The use of Facebook Messenger is just the latest example of the social networking titan's increased role in elections. Facebook's presence in the political process runs the gamut, from the flak it has taken for spreading lies that helped sway the US election to the tools it has shared before the UK and Kenya elections to combat fake news. One of the manifestations of the company's investment in artificial intelligence is Messenger.

"The Messenger bot makes it easy for citizens to answer the multiple questions in a report through the automated dialogue with the bot," Nat Manning, Ushahidi's interim executive director, said in a blog post. "Importantly, the bot includes the ability to easily send and receive text and images and interaction with structured messages."

The bots are equipped to deal with voter suppression, ballot issues and violence, which many Kenyans are nervous about.

General elections in Kenya

Kenyan security forces are quite literally keeping people in line.

Getty Images

A decade on

I worked as a journalist in Nairobi back in 2009, when the 2007 election violence and its aftermath was still fresh in my colleagues' minds. Some had seen terrible things -- people beaten to death or even burned alive in the streets. Others were already thinking ahead to the next election and planning to take refuge in Uganda.

In 2013, there was thankfully much less violence, Manning said in an interview. However, reports of violence did still come in. A University of Pennsylvania study showed that around 75 percent of people who submitted a report to Ushahidi received a response.

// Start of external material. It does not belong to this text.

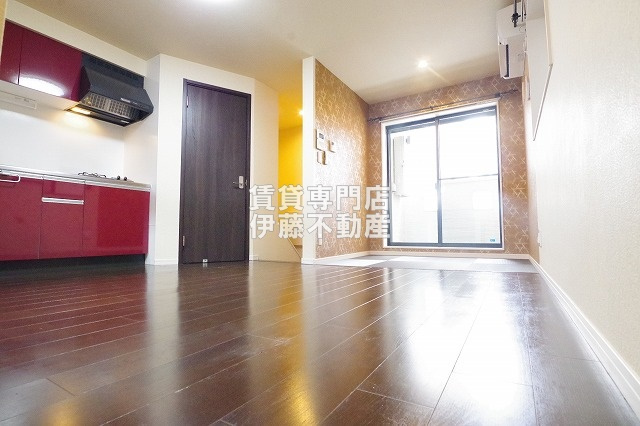 レイディエンス庄内通の居間・リビング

Come 2017, and the fear of violence is again very real. The presidential election is a tight race between current President Uhuru Kenyatta and former Prime Minister Raila Odinga. 

Reuters has reported carnage at Nairobi's bus station as people flee the capital for their ethnic heartlands. The New York Times tells of an exodus from the Great Rift Valley, where much of the 2007 violence took place. Nervous Kenyans are stockpiling food, and police have prepared first-aid kits, according to Reuters.

As of Monday evening, no violence had been reported to Ushahidi, Manning said. But developments in technology mean that when the reports do come in, the team will be better equipped to handle them than they were back in 2008.

"The increase in smartphone use certainly changes the entire system," Manning said. "In 2008 reports were predominantly SMS." Now users can submit via a dedicated app, Facebook Messenger, Twitter and embedded webforms.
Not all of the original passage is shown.